CBS Outdoor Inc. v. NextMedia Group Inc. (In re NextMedia Group Inc.) , 2011 WL 4711997, *3 (D. Del. Oct. 6, 2011).
Id. (citing In re Winn-Dixie Stores, Inc. , 639 F.3d 1053, 1056 (11th Cir. 2011) ; Holstein v. Brill , 987 F.2d 1268 (7th Cir. 1993) ). See also In re G-I Holdings, Inc. , 514 B.R. 720, 760 (Bankr. D.N.J. 2014) ("The Court finds the Holstein v. Brill case particularly instructive, where the Seventh Circuit determined that changes after the milestone of confirmation of the plan ‘should be allowed only for compelling reasons.’ ").
Exide argues that the District's "new claims" asserted after the Original Proof of Claim can be grouped into three categories: (i) new claims based on the NPA, (ii) new violations alleging attempts by Exide to conceal its emission levels from the District or other deceptive and dishonest conduct; and (iii) new violations that occurred on different dates or are based on different regulatory requirements than those included in the Original Proof of Claim. The Original Proof of Claim does not forewarn of potential future claims based on violations of different regulations or based on an expanded timeframe.

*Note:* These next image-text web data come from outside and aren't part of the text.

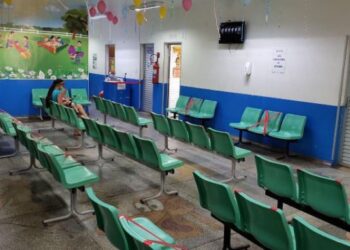 Foto: Geizyara Brandão/SES-AM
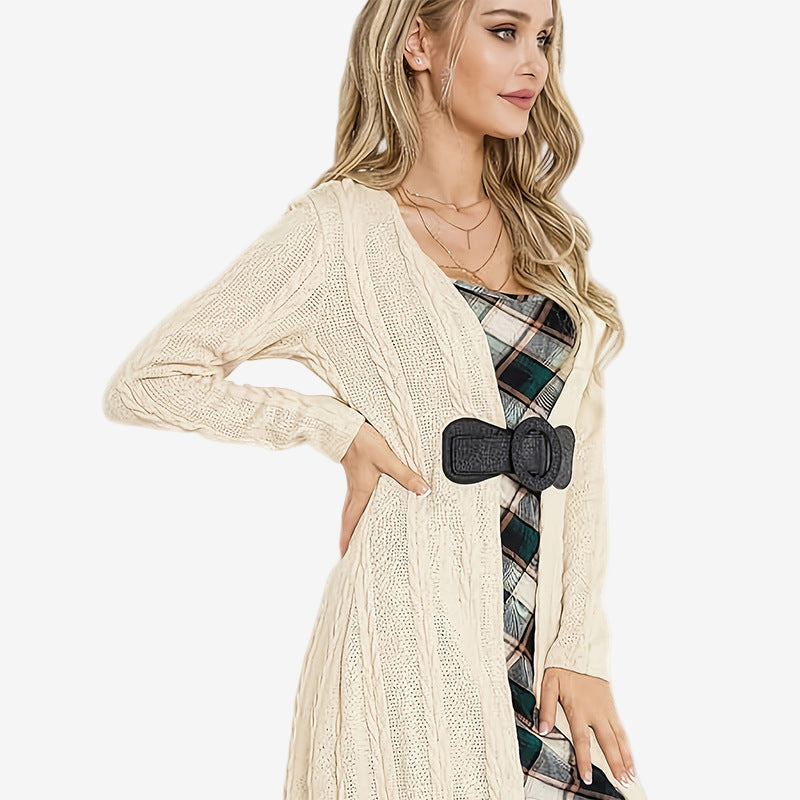 Ela™ Sweater Dress With Details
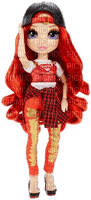 Ruby Anderson (Rainbow High) png - PNG gratuit
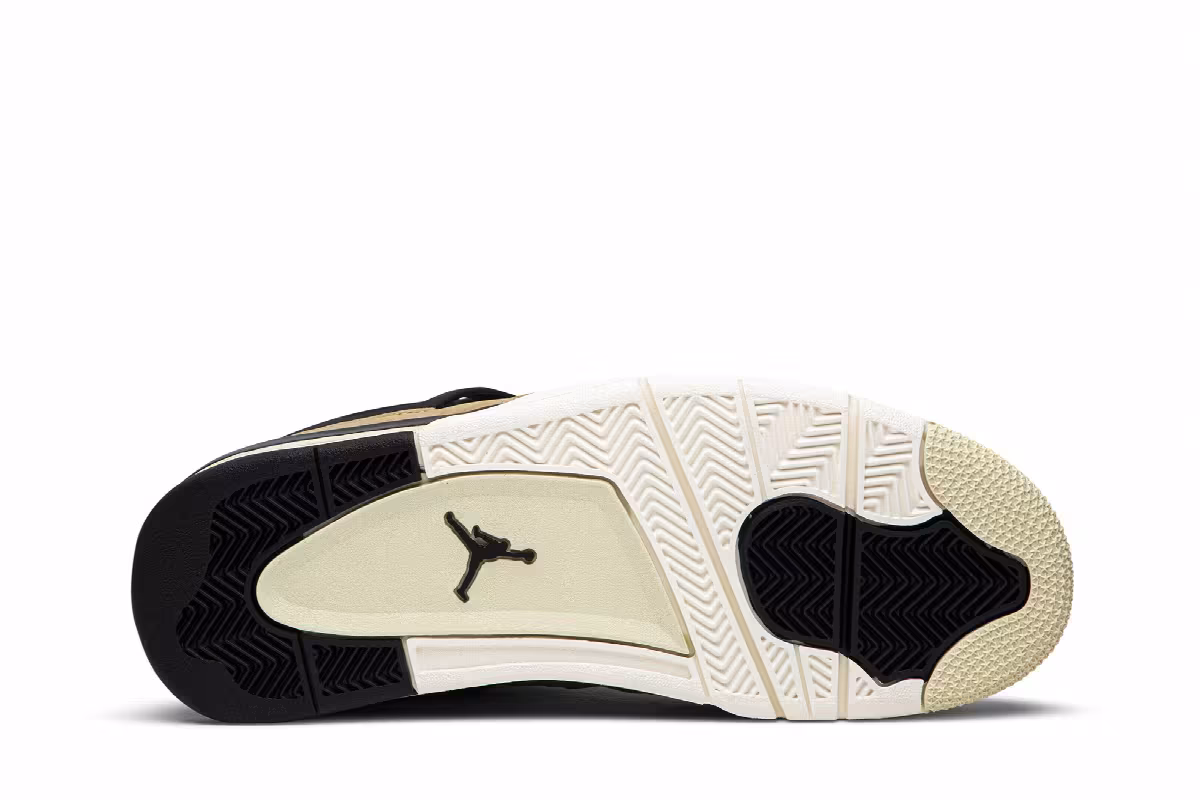 Women's Air Jordan 4 Mushroom, view 5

It is not enough to link the District's new claims generally to "Exide's unlawful release of two toxins." The circumstances of this case do not support a determination that the District's new claims arise out of the same conduct, transaction, or occurrence as listed in the Original Proof of Claim, which was limited and specific.
Further, the damages asserted in the District's Third Amended Complaint more than double the amount in the Original Proof of Claim - - from $ 38 million to $ 80 million, plus unliquidated amounts. The District is not asserting increased damages based on the five specific NOVs in the Original Proof of Claim. There are new violations and claims for allegedly fraudulent behavior. There is nothing to indicate that Exide or its creditors had any reason to believe that the District's claim would increase by more than $ 40 million dollars after the bar date, much less after Plan confirmation and the effective date.
Matter of Stavriotis , 977 F.2d 1202, 1203 (7th Cir. 1992) (deciding, in part, that a bankruptcy court did not abuse its discretion by refusing to allow the IRS to amend its proof of claim, after the bar date, to increase the debtor's liability from $ 11,132.93 to $ 2,435,078.39.).
Finally, the record before me does not establish any compelling reason so allow such drastic amendment after the confirmation and effective date of the Plan. The Bankruptcy Court should not be a haven for those who violate environmental laws and harm the community. However, the claims asserted in the District's Third Amended Complaint are largely noncompensatory penalties. Payment of penalties does not clean up property or otherwise benefit the community or the bankruptcy estate. Many of the District's new claims were made after Exide entered into the Non-Prosecution Agreement with the United States' Attorney's Office, in which Exide admitted to violating environmental laws and agreed to immediately and permanently close the Vernon Facility and work with the California Department of Toxic Substances Control to remediate the property. Neither Exide nor its creditors should be penalized for entering into that agreement,
For all of the foregoing reasons, I conclude that the District's claims that were asserted post-bar date, post-Plan confirmation, and post- Effective Date should not relate back to and amend the Original Proof of Claim.
CONCLUSION
For the foregoing reasons, the Discharge Motion will be denied; the Administrative Claims Objection will be sustained; and the Relation Back Motion will be denied. An appropriate order follows.